What this task involves
Once the line with "Insulated Coffee Mug" has been located in the records below, set down that line and all subsequent lines exactly, omitting the pictures.

======== Supplied material

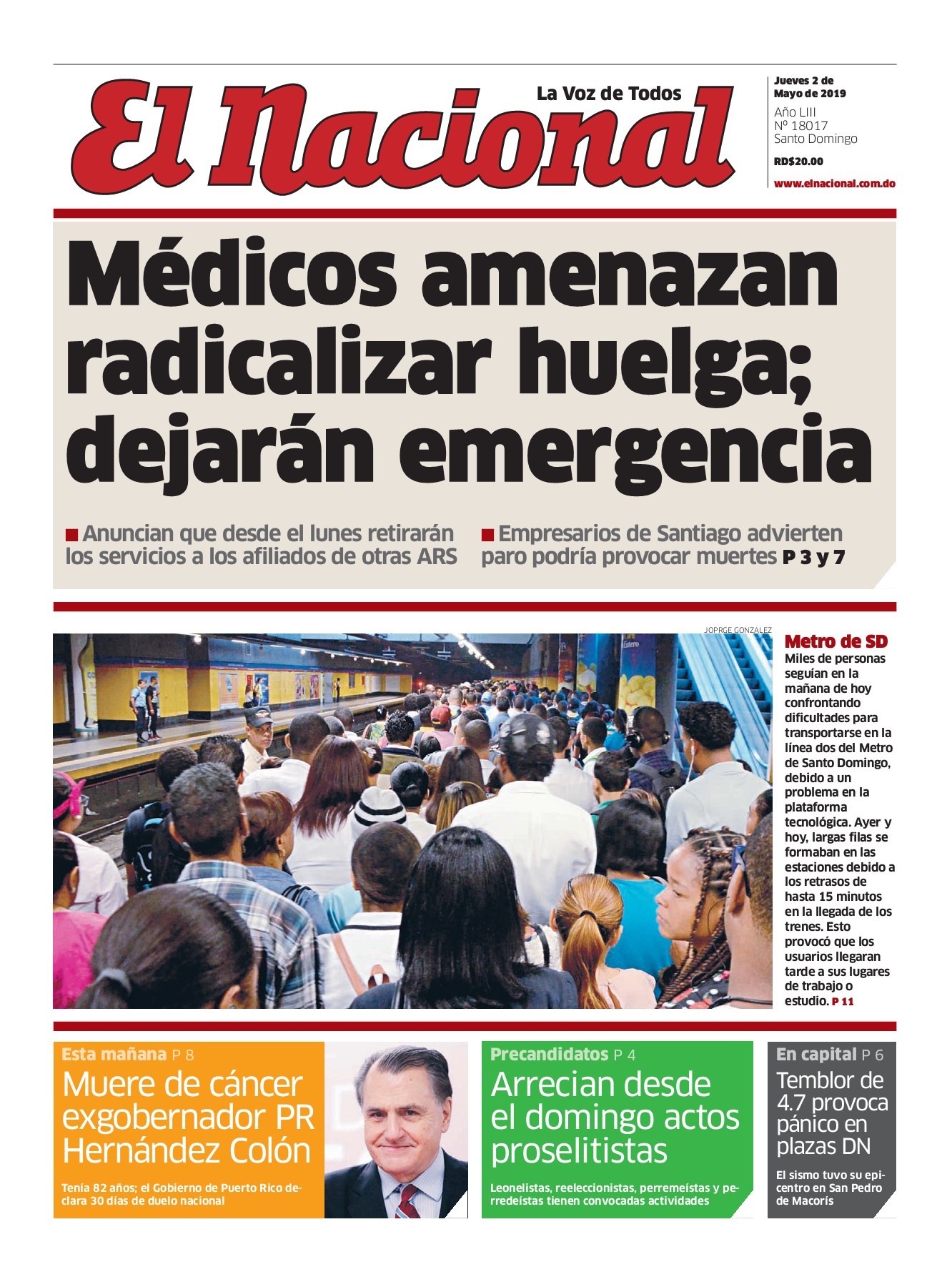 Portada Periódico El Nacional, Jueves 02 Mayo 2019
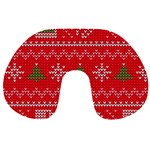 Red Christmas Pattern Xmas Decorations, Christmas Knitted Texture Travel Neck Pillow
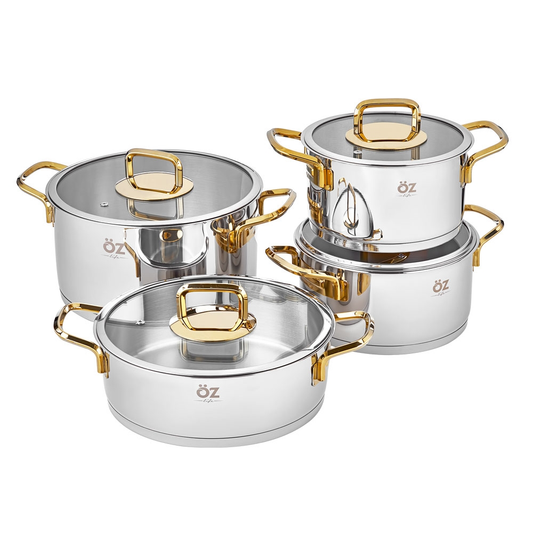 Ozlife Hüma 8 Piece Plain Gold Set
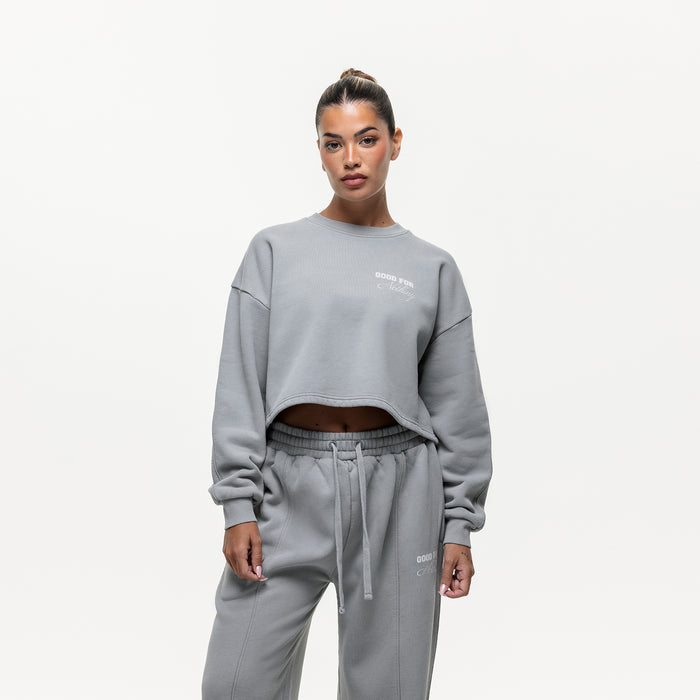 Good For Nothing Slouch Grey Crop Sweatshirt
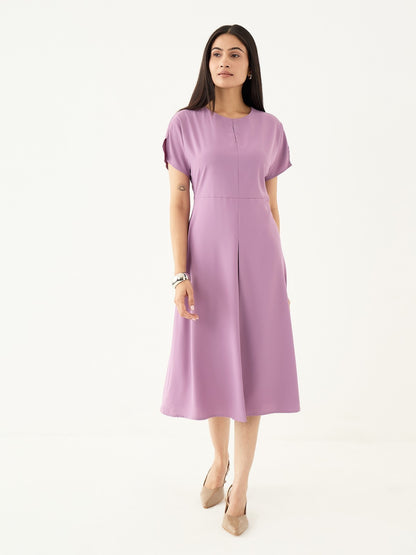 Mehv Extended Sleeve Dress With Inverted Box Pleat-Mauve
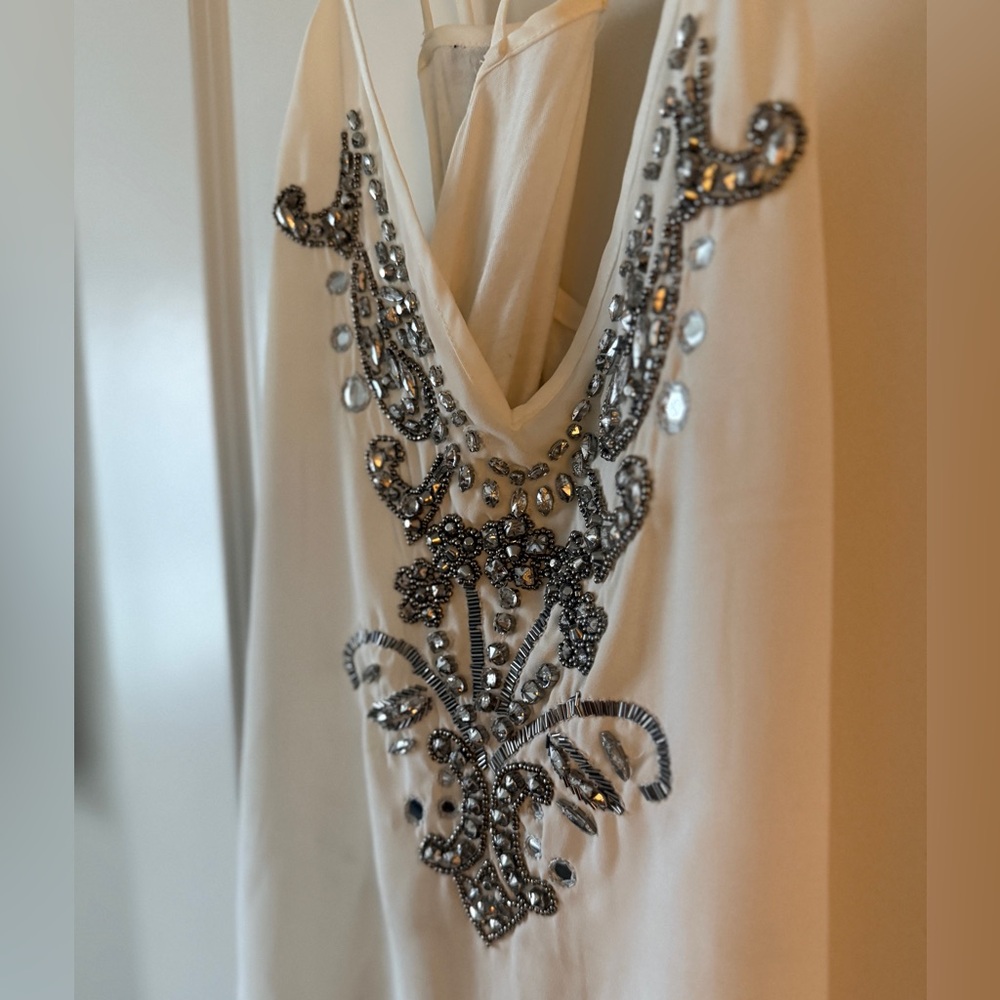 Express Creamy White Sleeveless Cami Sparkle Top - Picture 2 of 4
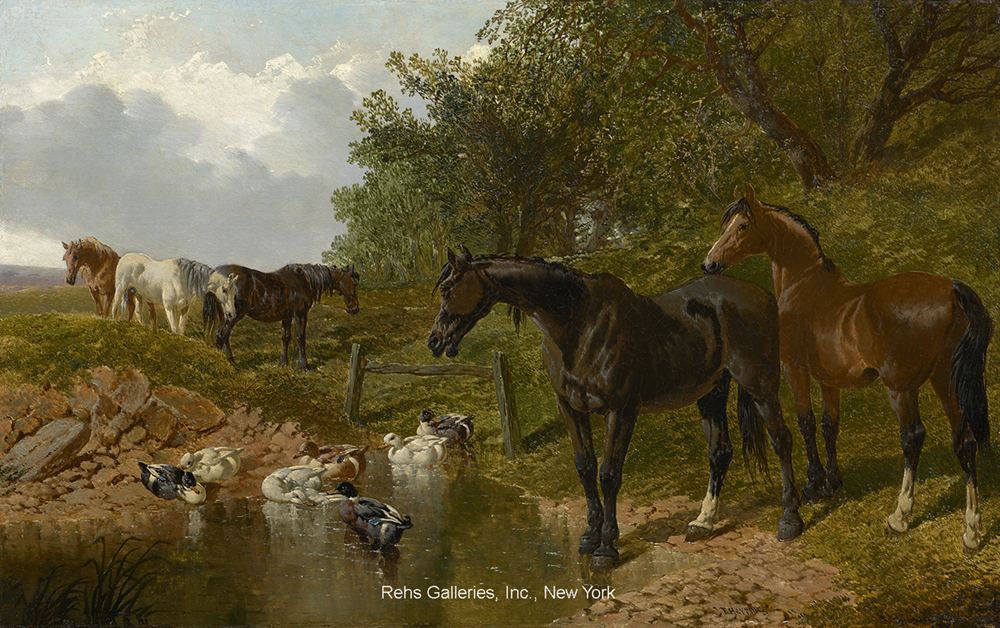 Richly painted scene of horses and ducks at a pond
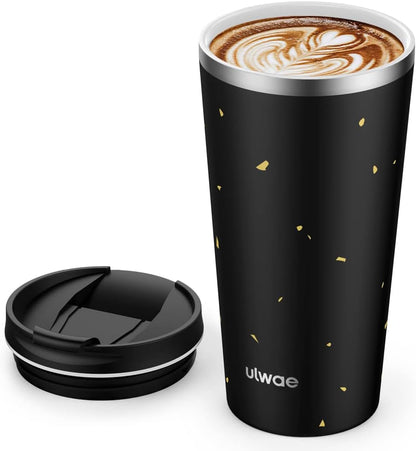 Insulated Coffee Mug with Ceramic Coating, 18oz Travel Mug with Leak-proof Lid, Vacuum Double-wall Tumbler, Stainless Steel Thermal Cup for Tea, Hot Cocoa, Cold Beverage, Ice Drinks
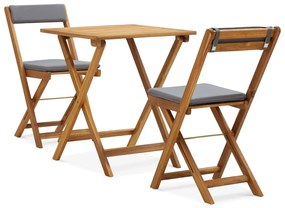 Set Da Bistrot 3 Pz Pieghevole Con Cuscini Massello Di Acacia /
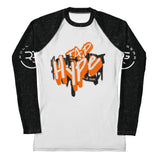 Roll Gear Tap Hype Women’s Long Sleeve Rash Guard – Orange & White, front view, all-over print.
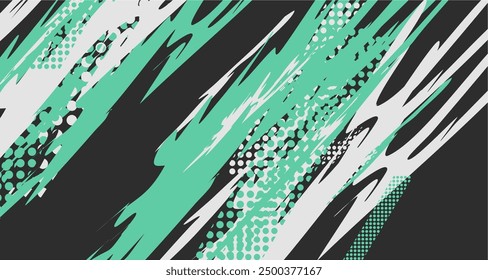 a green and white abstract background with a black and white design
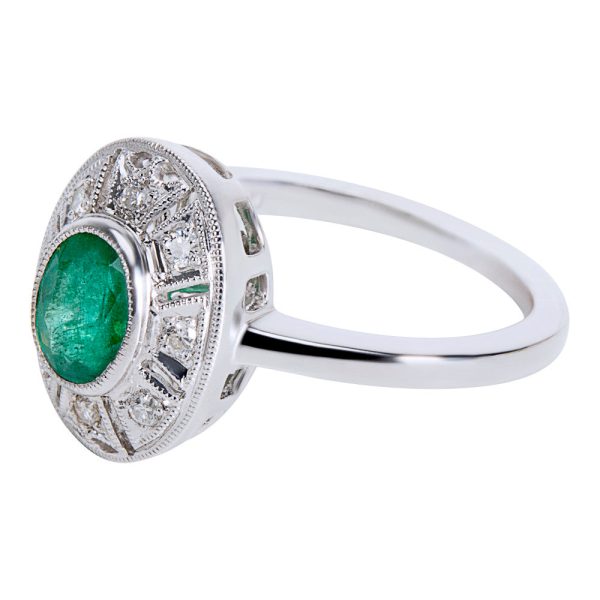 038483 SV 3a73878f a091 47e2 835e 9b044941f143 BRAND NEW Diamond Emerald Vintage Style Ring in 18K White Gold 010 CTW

================

Response
 Insulated Coffee Mug with Ceramic Coating, 18oz Travel Mug with Leak-proof Lid, Vacuum Double-wall Tumbler, Stainless Steel Thermal Cup for Tea, Hot Cocoa, Cold Beverage, Ice Drinks
 Set Da Bistrot 3 Pz Pieghevole Con Cuscini Massello Di Acacia /
 Roll Gear Tap Hype Women’s Long Sleeve Rash Guard – Orange & White, front view, all-over print.
 a green and white abstract background with a black and white design
 038483 SV 3a73878f a091 47e2 835e 9b044941f143 BRAND NEW Diamond Emerald Vintage Style Ring in 18K White Gold 010 CTW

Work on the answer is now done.